# [Exercise description]
Below are entries with pictures in them. Output exactly the lines starting at the line with "Doğal afro saçlı" and ending at the line with "For Garmin Forerunner", both included, but not the pictures.

# [Record excerpts]
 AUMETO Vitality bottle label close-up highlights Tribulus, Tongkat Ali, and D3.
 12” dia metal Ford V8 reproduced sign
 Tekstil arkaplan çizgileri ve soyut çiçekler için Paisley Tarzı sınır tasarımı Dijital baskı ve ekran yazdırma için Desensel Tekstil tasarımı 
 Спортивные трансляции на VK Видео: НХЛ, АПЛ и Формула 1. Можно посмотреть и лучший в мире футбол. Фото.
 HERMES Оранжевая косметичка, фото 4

---

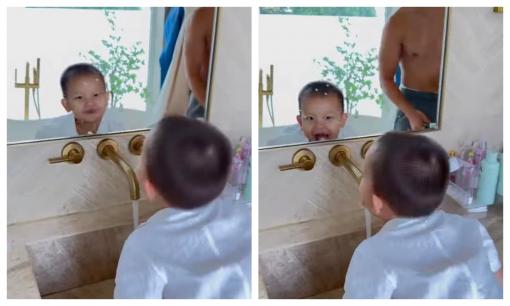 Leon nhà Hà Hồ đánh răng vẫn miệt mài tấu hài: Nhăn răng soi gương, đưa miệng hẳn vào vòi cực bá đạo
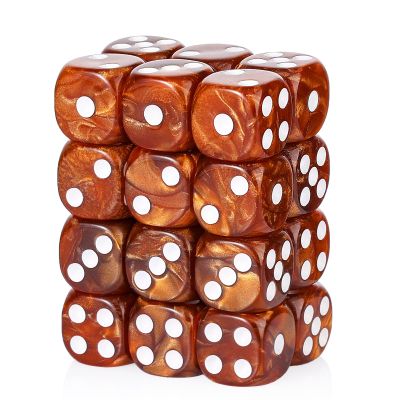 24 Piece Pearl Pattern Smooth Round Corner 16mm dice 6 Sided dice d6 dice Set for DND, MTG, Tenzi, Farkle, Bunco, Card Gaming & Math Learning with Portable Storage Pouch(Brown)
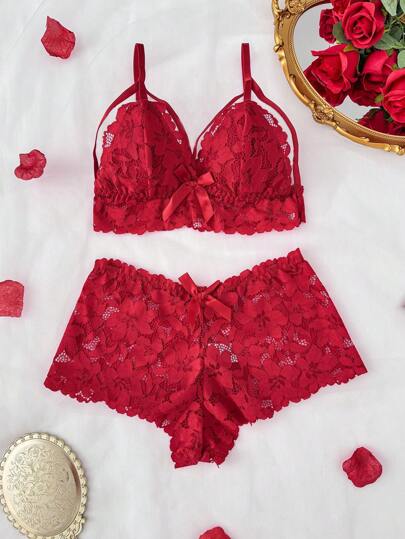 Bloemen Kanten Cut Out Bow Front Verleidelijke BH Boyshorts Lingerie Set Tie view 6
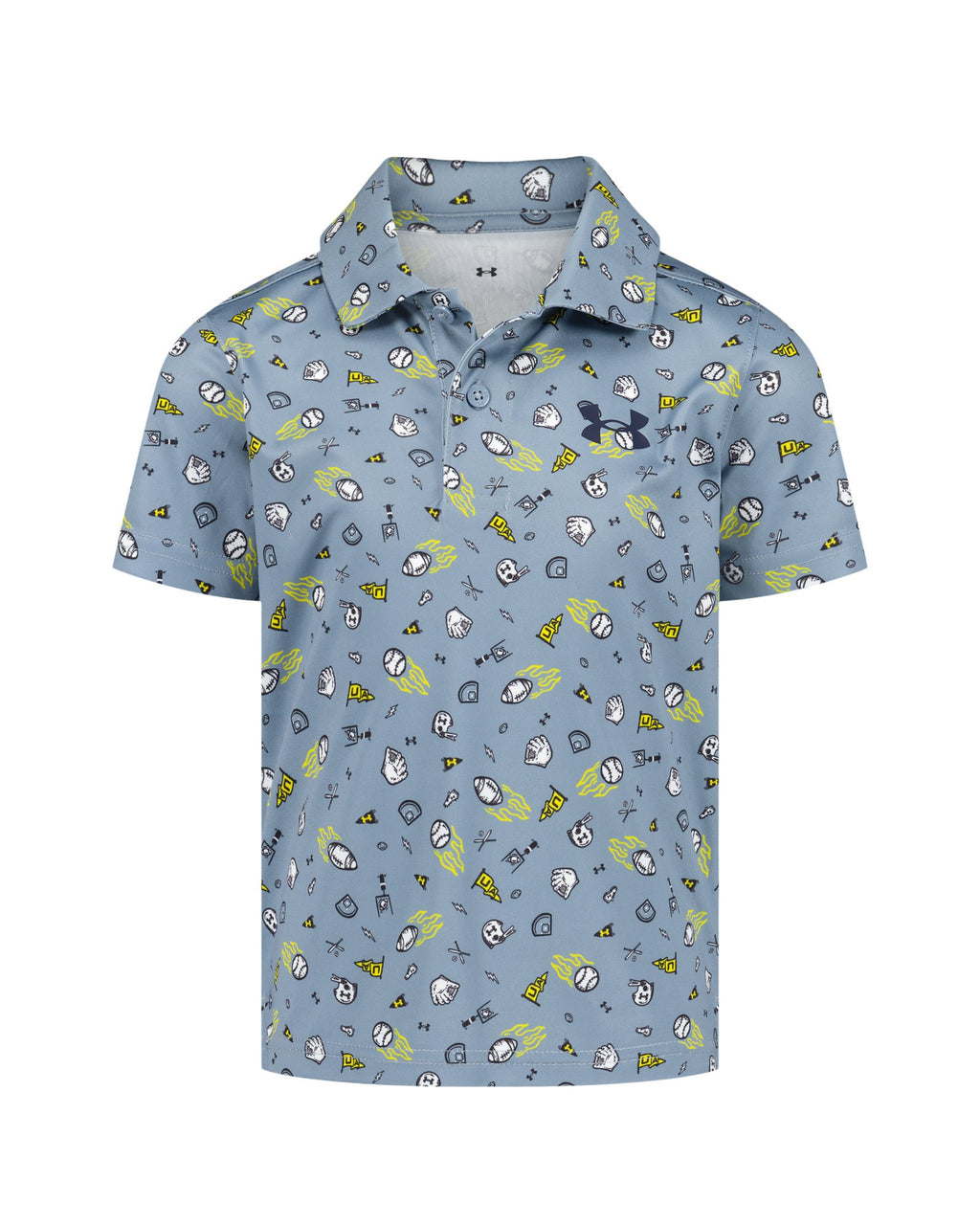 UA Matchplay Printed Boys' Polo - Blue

==

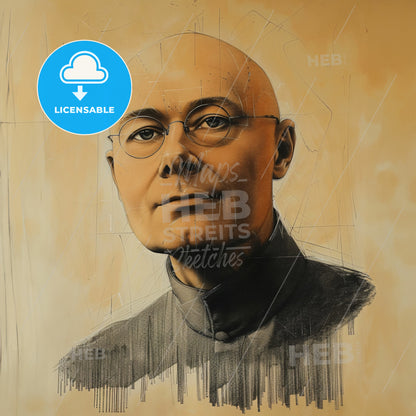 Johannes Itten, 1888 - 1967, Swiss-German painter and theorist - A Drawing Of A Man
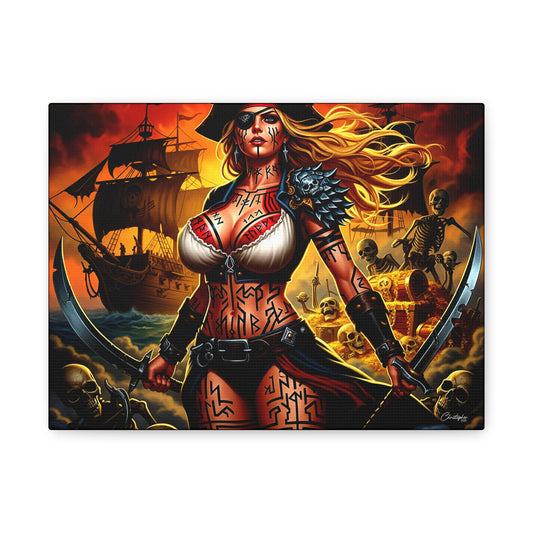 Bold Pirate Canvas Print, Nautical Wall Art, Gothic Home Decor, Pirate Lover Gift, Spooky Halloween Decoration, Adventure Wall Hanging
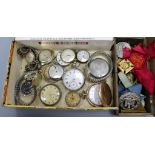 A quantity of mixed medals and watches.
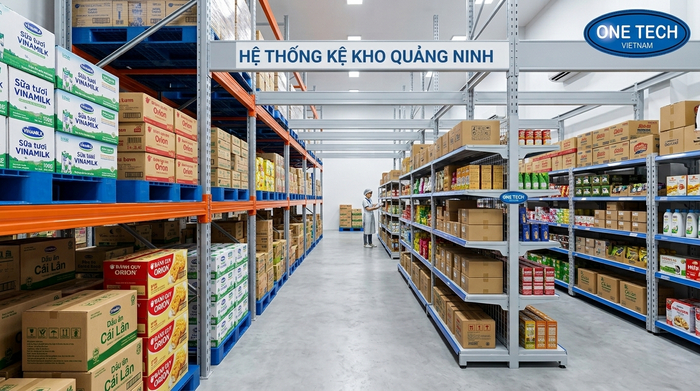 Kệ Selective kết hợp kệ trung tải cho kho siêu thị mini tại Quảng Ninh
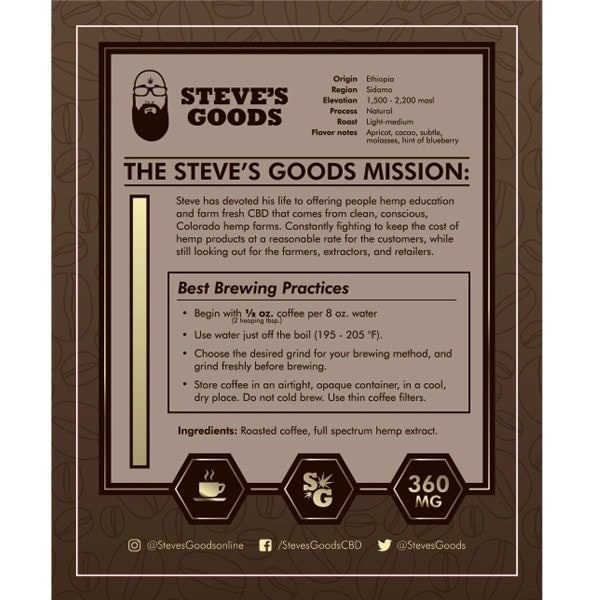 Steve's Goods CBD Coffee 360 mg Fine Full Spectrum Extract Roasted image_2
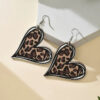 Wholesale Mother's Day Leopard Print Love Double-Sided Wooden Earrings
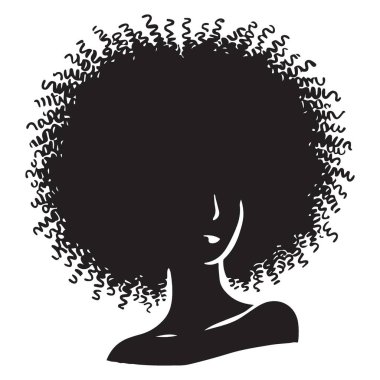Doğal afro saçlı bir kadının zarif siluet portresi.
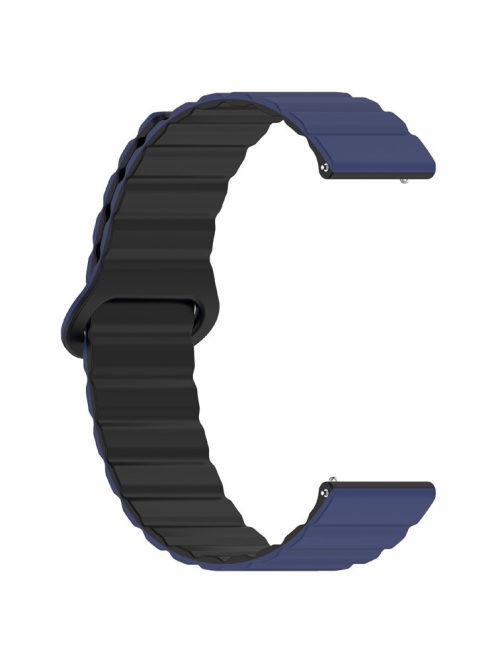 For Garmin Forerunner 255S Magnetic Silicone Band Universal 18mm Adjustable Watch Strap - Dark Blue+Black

# [Result for this exercise]
Doğal afro saçlı bir kadının zarif siluet portresi.
 For Garmin Forerunner 255S Magnetic Silicone Band Universal 18mm Adjustable Watch Strap - Dark Blue+Black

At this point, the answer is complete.